毛澤東為革命犧牲了幾位親人,姥爺雖然沒有革命,可他在情感上遭受的打擊並不比毛澤東少。我的親舅舅,也是姥爺四個子女中惟一的兒子,中學畢業后要與同學一起參加革命工作,結果被姥爺像當初他父親對他一樣給阻攔了回來。18歲娶妻生女,21歲時患闌尾炎,因農村醫療條件差而不幸早逝。舅舅的同學後來大都成了國家幹部。舅舅要是參加工作,這種小病至少不會因為醫療條件而丟掉性命。為此,姥爺捶胸頓足:“是我害了俺青子。”青子是舅舅的小名。這種負罪感,姥爺在晚年表現得更為突出,他沒事的時候就到舅舅墳上拔拔雜草,坐一陣子,白髮人送黑髮人呀!毛澤東聽說長子毛岸英在朝鮮戰場上犧牲時還淚流滿面,何況姥爺一個凡人;其內心痛苦可想而知。

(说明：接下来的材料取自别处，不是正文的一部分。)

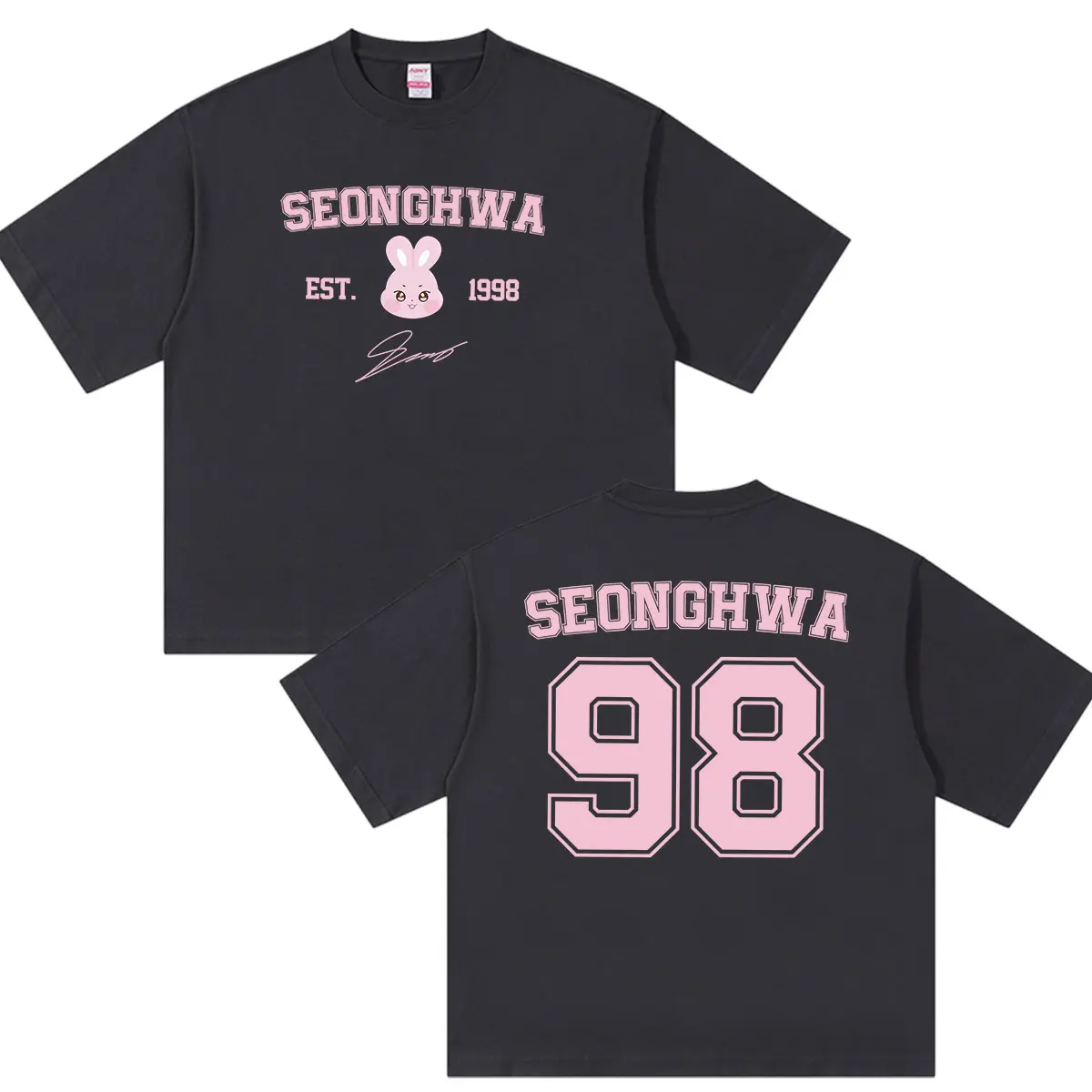 Korean Ateez Seonghwa Ateez in Your Fantasy Tour 2026 Print T Shirt Men Women Aesthetic Kpop Fashion Cotton Short Sleeve T-shirt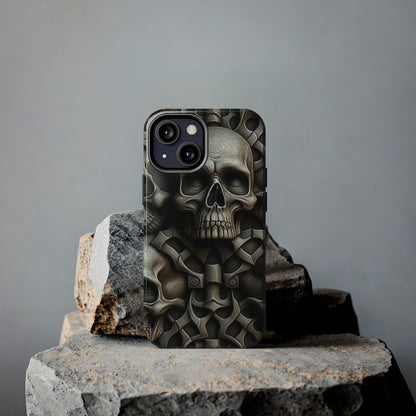 Metallic Chrome Skulls and classic Designed 19 Tough Phone Cases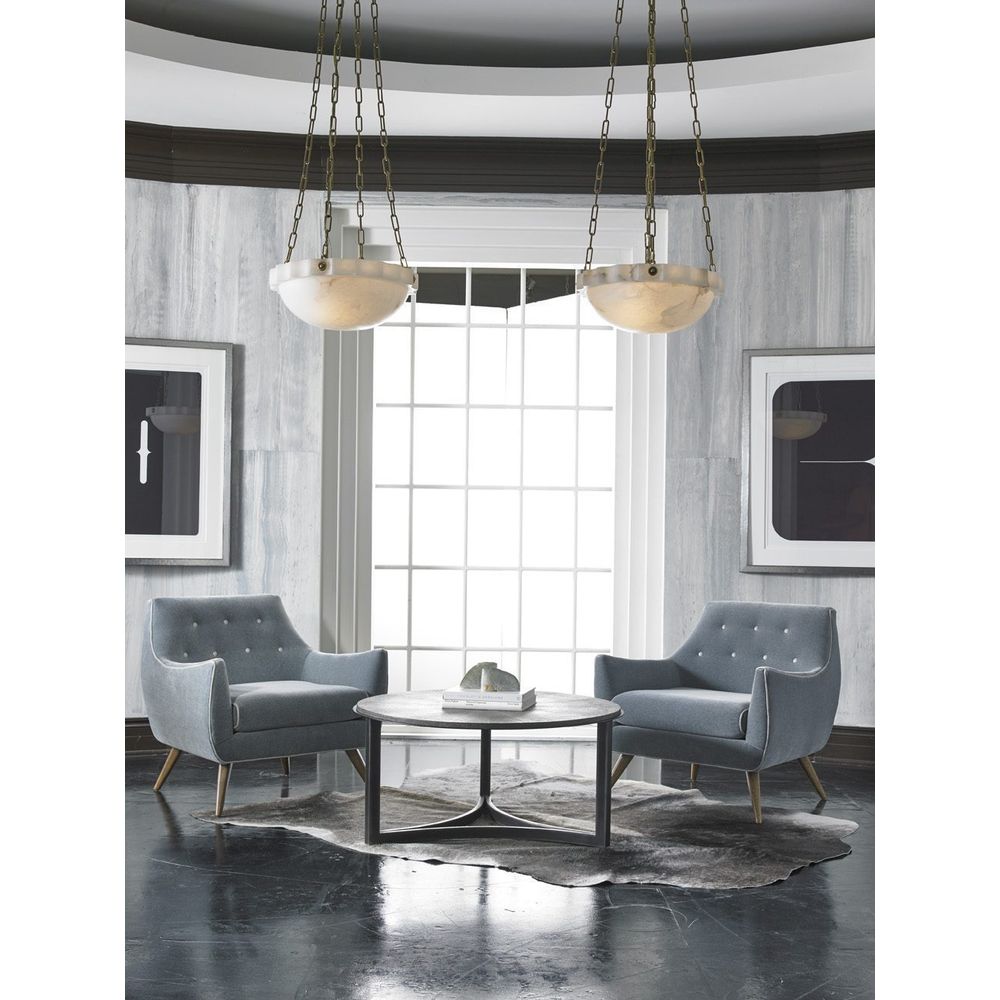 Side Tables Niko Cocktail Table - Charcoal Shagreen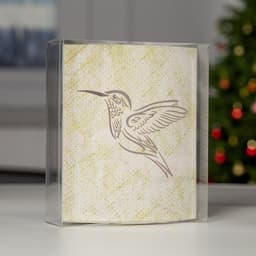 Светодиодная фигура «Колибри» 13×16×5 см, картон, от батареек ААх2, свечение тёплое белое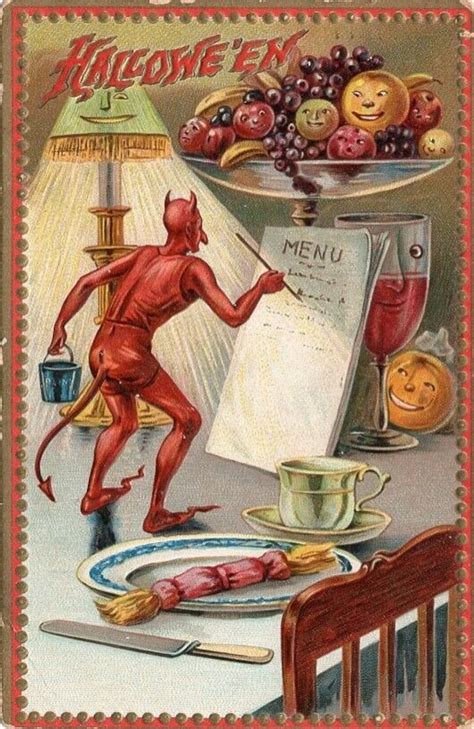 Halloween Devil Menu Free Stock Photo - Public Domain Pictures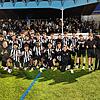 Die B-Junioren des FC 08 Villingen jubeln nach dem 1:0-Sieg im SBFV-Pokal-Halbfinale über den SC Freiburg.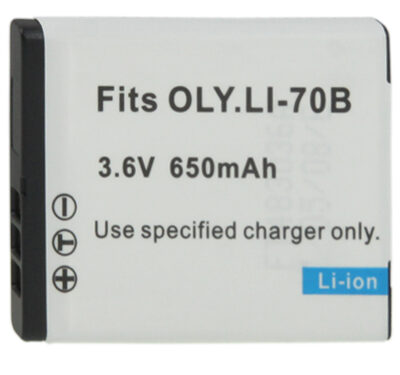 Untitled document Overview : 1) Cell Type: LI-70B 2) Condition: Brand New 3) Capacity: 650mAh 4) Output Voltage: 3.6V 5) Compatible camera model: OLYMPUS FE-4020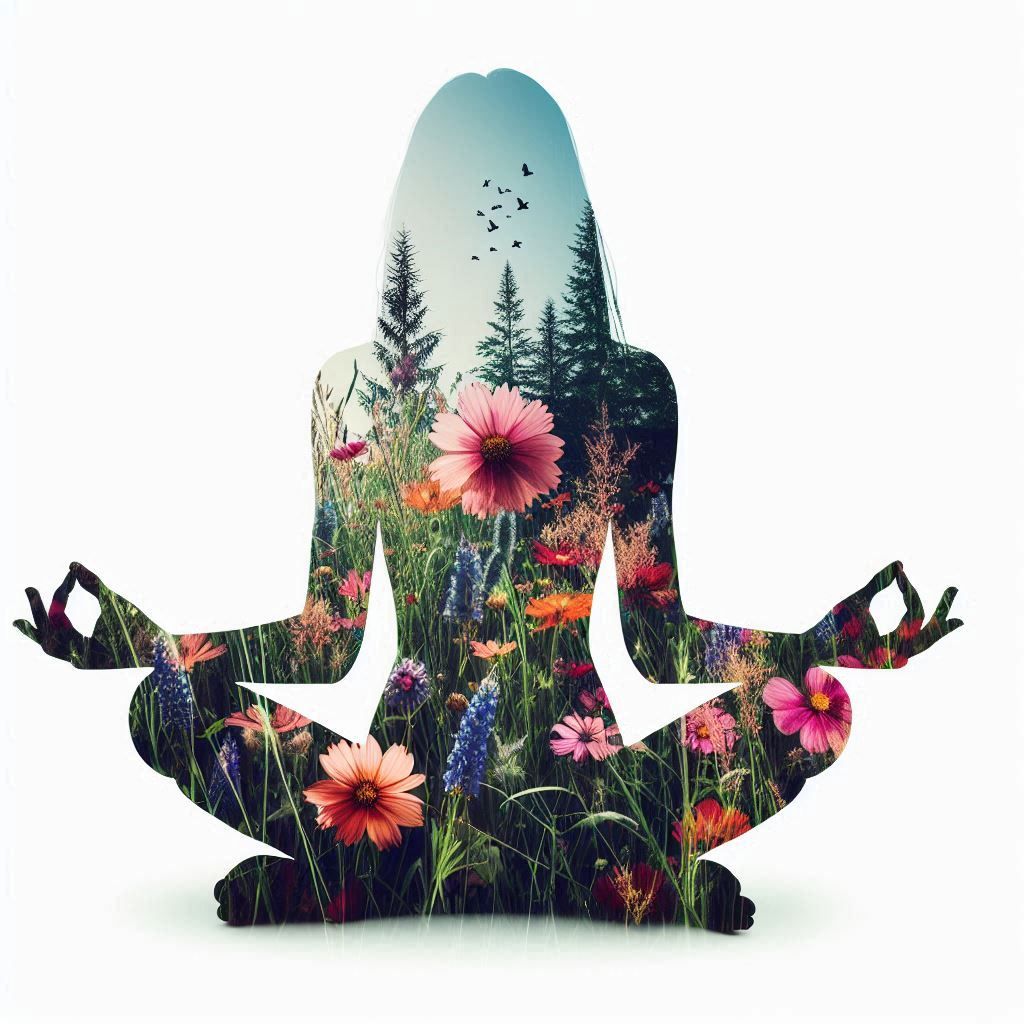 double exposure beautiful fantasy portrait landscape..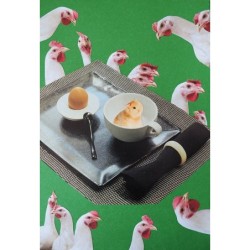 Kolaż analogowy „Co było pierwsze” - wydruk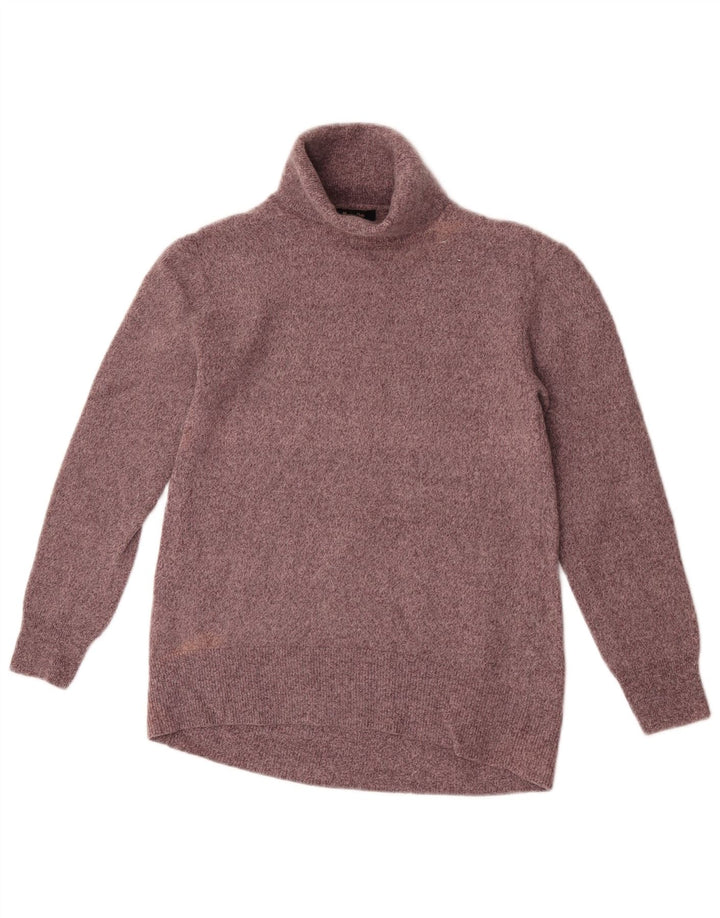 Suéter feminino Massimo Dutti com gola redonda Reino Unido 8 lã cinza pequena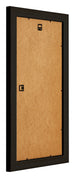 Birmingham Holz Bilderrahmen 45x80cm Schwarz Silber Poliert Ruckseite Schrag | Yourdecoration.de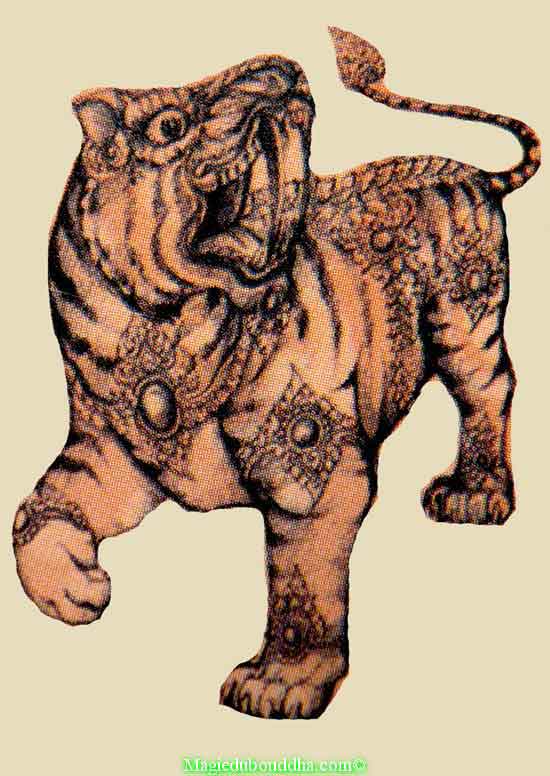 tigre sacré thailande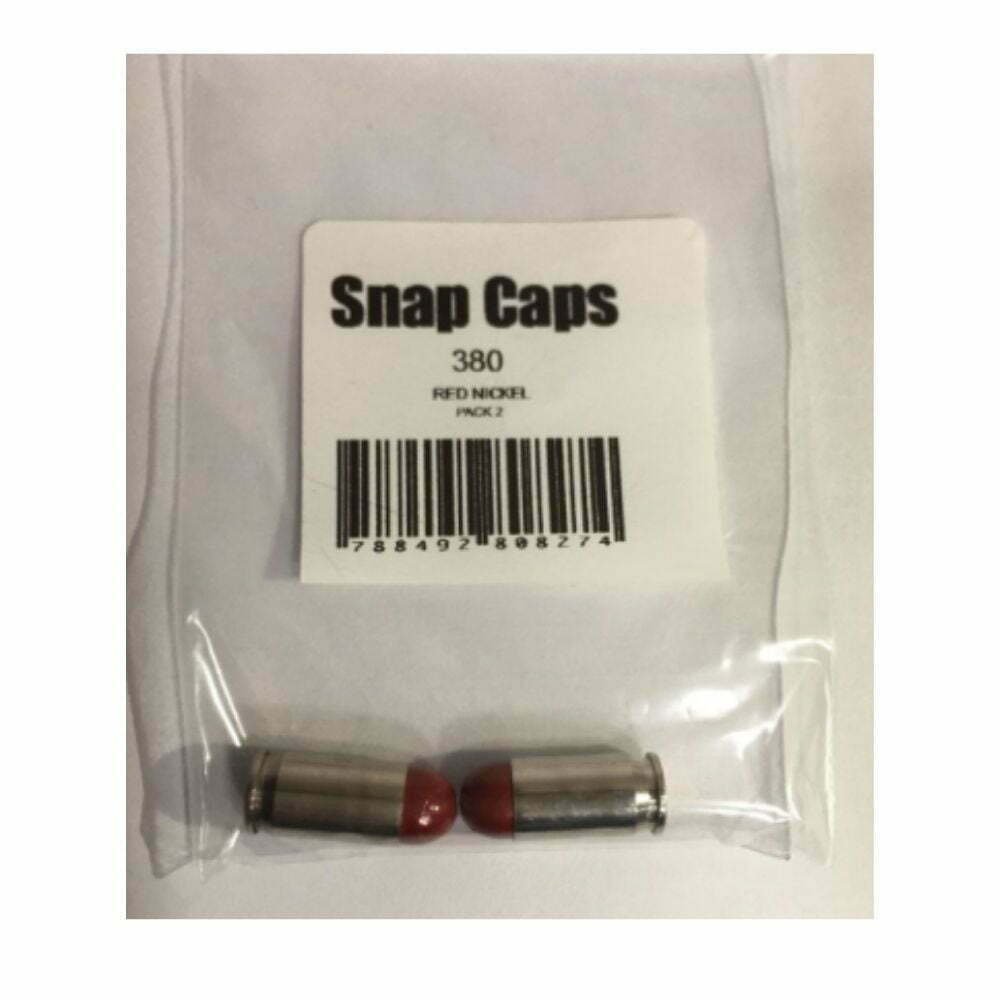 Paquete 2 Snap Caps 380 Red Nickel Rojos - Image 3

舅舅死後不久,姥娘也因想子心切而氣病身亡。那陣子姥爺像瘋了一樣沉默寡言地在村裡村外不停轉游。因距我村僅二里路,他幾乎每天都到我家來,有時一句話也不說,吸着旱煙默默坐上半天。舅舅死後,—年輕守寡的妗子耐不住寂寞,與後街一個有妻室的村幹部廝混,被姥爺的謝家族人捉姦成雙,五花大綁在村頭槐樹上。姥爺是個極愛面子的人,對男女苟合之事一向睥睨不齒,但在族人請示如何處置我妗子時,姥爺流着淚,旱煙一袋一袋接着吸,沉默半天,寬容地說;“咱青子不在了,別再為難他了,讓她走,以後別再登謝家的門。”於是妗子帶着女兒改嫁他鄉,卻始終不忘姥爺的寬宏大量,過年過節總是派女兒來風火村探望。要知道,如果不是當年姥爺放她一馬,這種有辱門庭的事情,族人至少會把她的腿打斷。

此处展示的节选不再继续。